The Speaker Who Stopped Speaking
The Founders feared a king. They didn’t expect a Speaker who’d hand him the crown.

Mike Johnson has turned congressional silence into an art form—and the convicted felon into the nation’s only branch of government.
It has now been more than a month since the House of Representatives did anything resembling work. No votes. No debates. No hearings. No spending bills. No oversight. The people’s House, in theory the beating heart of American democracy, has been reduced to a faint murmur under Speaker Mike Johnson’s “indefinite hiatus.” The lights are on, the marble halls are empty, and the Constitution is collecting dust.
Johnson’s defenders call this a strategy. In reality, it’s an abdication. The Founders gave the House one singular, irreplaceable power: the power of the purse. By refusing to convene, Johnson has effectively handed that power to the convicted felon—who already believes he holds the other two branches. When the man who controls the budget decides to stop showing up, the separation of powers isn’t under strain. It’s gone missing.
This isn’t the usual Washington gridlock. Gridlock requires motion—forces pulling in opposite directions. What we have instead is stasis, a deliberate freezing of the legislative process. Johnson is using inaction as submission. The Speaker of the House has become the Speaker of Nothing.
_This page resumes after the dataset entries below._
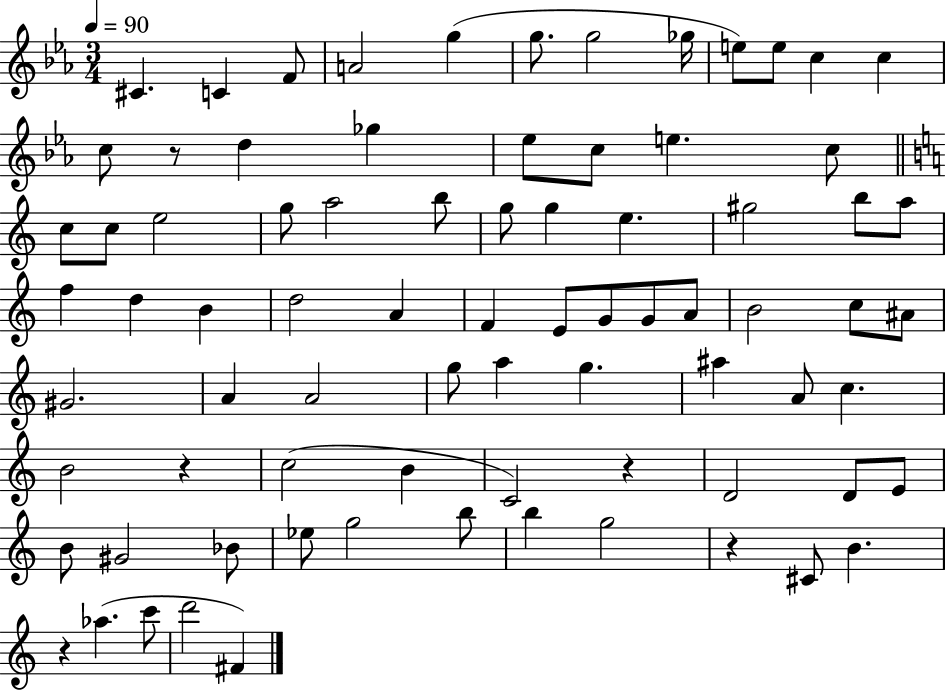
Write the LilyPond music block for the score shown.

{
  \clef treble
  \numericTimeSignature
  \time 3/4
  \key ees \major
  \tempo 4 = 90
  cis'4. c'4 f'8 | a'2 g''4( | g''8. g''2 ges''16 | e''8) e''8 c''4 c''4 | \break c''8 r8 d''4 ges''4 | ees''8 c''8 e''4. c''8 | \bar "||" \break \key c \major c''8 c''8 e''2 | g''8 a''2 b''8 | g''8 g''4 e''4. | gis''2 b''8 a''8 | \break f''4 d''4 b'4 | d''2 a'4 | f'4 e'8 g'8 g'8 a'8 | b'2 c''8 ais'8 | \break gis'2. | a'4 a'2 | g''8 a''4 g''4. | ais''4 a'8 c''4. | \break b'2 r4 | c''2( b'4 | c'2) r4 | d'2 d'8 e'8 | \break b'8 gis'2 bes'8 | ees''8 g''2 b''8 | b''4 g''2 | r4 cis'8 b'4. | \break r4 aes''4.( c'''8 | d'''2 fis'4) | \bar "|."
}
According to The New York Times, Trump now jokes privately, “I’m the speaker and the president.” Johnson has done little to contest the point. That silence, more than any policy dispute, tells the story. Where previous speakers—Republican and Democrat alike—fought to assert the independence of Congress, Johnson has decided to run the House like a satellite office of Mar-a-Lago. The Constitution, in his hands, is less a governing document than a loyalty pledge.
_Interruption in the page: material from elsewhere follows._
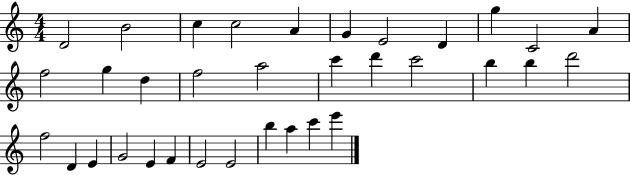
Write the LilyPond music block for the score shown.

And so, the House has vanished. Its members are scattered across the country, “working remotely,” which in Congress is another way of saying not at all. No floor debates, no committee hearings, not even the symbolic votes that used to fill the news cycle during a shutdown. Mike Johnson has discovered the legislative equivalent of a government-supplied hammock.
Former Speaker Newt Gingrich calls this smart politics—keeping Republicans from “sending mixed messages.” That’s one way to describe it. Another is rule by fear: a leader so beholden to a cult of personality that the mere sound of dissent must be preemptively smothered. It’s legislative management by ghosting.
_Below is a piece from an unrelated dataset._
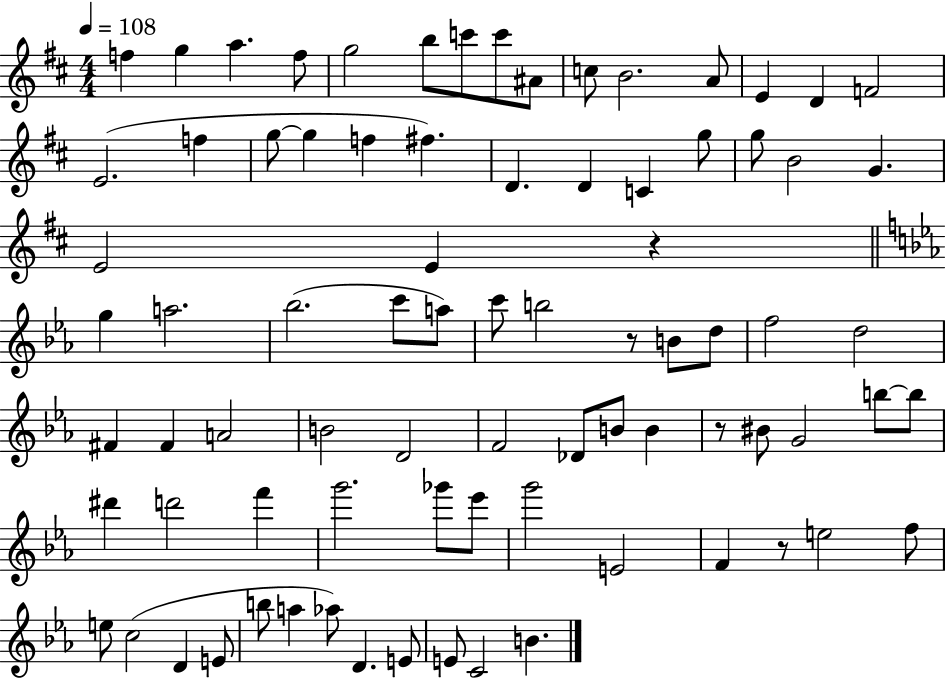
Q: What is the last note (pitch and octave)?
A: B4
Even Steve Bannon, of all people, is aghast. He wants the “Trump revolution codified” into law, only to find that Johnson’s doing nothing at all. When Bannon thinks you’re not doing enough to enable authoritarianism, that should probably set off alarms.
Instead, Johnson doubles down—refusing to swear in a duly elected Democrat, Adelita Grijalva, on the bizarre claim that he “lacks the authority” to administer the oath because the House isn’t in session. In other words: I can’t do my job because I decided not to do my job. If Joseph Heller were still alive, he’d be demanding royalties.
The consequences stretch far beyond procedural absurdity. Every day the House sits idle, a generation of younger members learns that this is what congressional leadership looks like: the Speaker as caretaker of inaction, the chamber as a backdrop for the president’s monologues. As Brookings’ Molly Reynolds warned, these habits become precedent. Future speakers will look back not on the fiery clashes of Sam Rayburn or Nancy Pelosi, but on Mike Johnson’s long, obedient silence—and mistake it for statesmanship.
What’s left is a legislature that behaves less like the U.S. Congress and more like, as Bannon himself put it, “the state Duma.” Except the Russian Duma at least meets. Ours doesn’t even bother to fake it. This is what autocracy looks like in American vernacular: not tanks in the streets, but a Speaker who sends everyone home.
And Johnson’s loyalty is rewarded. He praises the convicted felon’s every move, even the grotesque ones—the AI-generated video of a bomber dumping feces on protesters, the demolition of the East Wing to build a ballroom, the commutation of George Santos. Johnson no longer even pretends to lead. He exists to applaud.
It would be tempting to dismiss all this as political theater, but the curtain’s already dropped. The stage is empty. The only actor left is the convicted felon, writing and performing every line himself. The House has become a prop—one that claps on cue when called back to town.
When historians look back at this period, they may well see 2025 not as the year of a shutdown, but as the year Congress shut down itself. Mike Johnson didn’t just marginalize his office; he made legislative irrelevance an official policy. It’s the quietest coup in American history—not with violence or decrees, but with the slow suffocation of silence.
The Constitution still says the House of Representatives makes the laws. But at the moment, only one man seems to believe he does. And the Speaker, who could change that with a single gavel strike, would rather stay home.